Task objective —
Each of the following records is to be printed verbatim.
-- Supplied data follows --
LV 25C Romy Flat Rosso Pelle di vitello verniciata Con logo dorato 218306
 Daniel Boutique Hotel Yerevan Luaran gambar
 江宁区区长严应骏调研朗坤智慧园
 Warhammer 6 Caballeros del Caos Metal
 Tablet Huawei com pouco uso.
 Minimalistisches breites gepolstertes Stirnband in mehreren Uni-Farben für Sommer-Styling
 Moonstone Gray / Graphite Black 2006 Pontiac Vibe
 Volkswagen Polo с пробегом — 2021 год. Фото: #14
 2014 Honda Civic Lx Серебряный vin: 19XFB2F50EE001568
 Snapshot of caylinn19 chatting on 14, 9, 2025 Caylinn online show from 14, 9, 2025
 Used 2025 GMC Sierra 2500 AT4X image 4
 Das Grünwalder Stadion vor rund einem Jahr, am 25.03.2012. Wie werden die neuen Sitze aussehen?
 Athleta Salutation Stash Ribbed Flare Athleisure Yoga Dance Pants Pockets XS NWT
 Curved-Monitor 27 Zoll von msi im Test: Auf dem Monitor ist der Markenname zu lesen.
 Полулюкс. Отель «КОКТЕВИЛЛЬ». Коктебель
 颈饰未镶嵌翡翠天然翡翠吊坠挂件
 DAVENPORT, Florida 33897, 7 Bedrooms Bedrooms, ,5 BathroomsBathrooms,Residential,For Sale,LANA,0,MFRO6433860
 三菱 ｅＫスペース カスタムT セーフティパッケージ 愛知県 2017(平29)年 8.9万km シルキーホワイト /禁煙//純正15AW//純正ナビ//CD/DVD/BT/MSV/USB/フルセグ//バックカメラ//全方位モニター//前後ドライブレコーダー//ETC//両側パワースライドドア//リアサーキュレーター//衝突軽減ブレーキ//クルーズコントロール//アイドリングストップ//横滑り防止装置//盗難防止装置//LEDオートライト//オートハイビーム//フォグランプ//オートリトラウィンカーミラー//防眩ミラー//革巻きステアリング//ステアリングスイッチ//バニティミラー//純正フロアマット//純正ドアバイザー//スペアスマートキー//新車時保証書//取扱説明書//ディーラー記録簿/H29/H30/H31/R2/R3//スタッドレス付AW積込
-- Supplied data concluded --
The answer —
LV 25C Romy Flat Rosso Pelle di vitello verniciata Con logo dorato 218306
 Daniel Boutique Hotel Yerevan Luaran gambar
 江宁区区长严应骏调研朗坤智慧园
 Warhammer 6 Caballeros del Caos Metal
 Tablet Huawei com pouco uso.
 Minimalistisches breites gepolstertes Stirnband in mehreren Uni-Farben für Sommer-Styling
 Moonstone Gray / Graphite Black 2006 Pontiac Vibe
 Volkswagen Polo с пробегом — 2021 год. Фото: #14
 2014 Honda Civic Lx Серебряный vin: 19XFB2F50EE001568
 Snapshot of caylinn19 chatting on 14, 9, 2025 Caylinn online show from 14, 9, 2025
 Used 2025 GMC Sierra 2500 AT4X image 4
 Das Grünwalder Stadion vor rund einem Jahr, am 25.03.2012. Wie werden die neuen Sitze aussehen?
 Athleta Salutation Stash Ribbed Flare Athleisure Yoga Dance Pants Pockets XS NWT
 Curved-Monitor 27 Zoll von msi im Test: Auf dem Monitor ist der Markenname zu lesen.
 Полулюкс. Отель «КОКТЕВИЛЛЬ». Коктебель
 颈饰未镶嵌翡翠天然翡翠吊坠挂件
 DAVENPORT, Florida 33897, 7 Bedrooms Bedrooms, ,5 BathroomsBathrooms,Residential,For Sale,LANA,0,MFRO6433860
 三菱 ｅＫスペース カスタムT セーフティパッケージ 愛知県 2017(平29)年 8.9万km シルキーホワイト /禁煙//純正15AW//純正ナビ//CD/DVD/BT/MSV/USB/フルセグ//バックカメラ//全方位モニター//前後ドライブレコーダー//ETC//両側パワースライドドア//リアサーキュレーター//衝突軽減ブレーキ//クルーズコントロール//アイドリングストップ//横滑り防止装置//盗難防止装置//LEDオートライト//オートハイビーム//フォグランプ//オートリトラウィンカーミラー//防眩ミラー//革巻きステアリング//ステアリングスイッチ//バニティミラー//純正フロアマット//純正ドアバイザー//スペアスマートキー//新車時保証書//取扱説明書//ディーラー記録簿/H29/H30/H31/R2/R3//スタッドレス付AW積込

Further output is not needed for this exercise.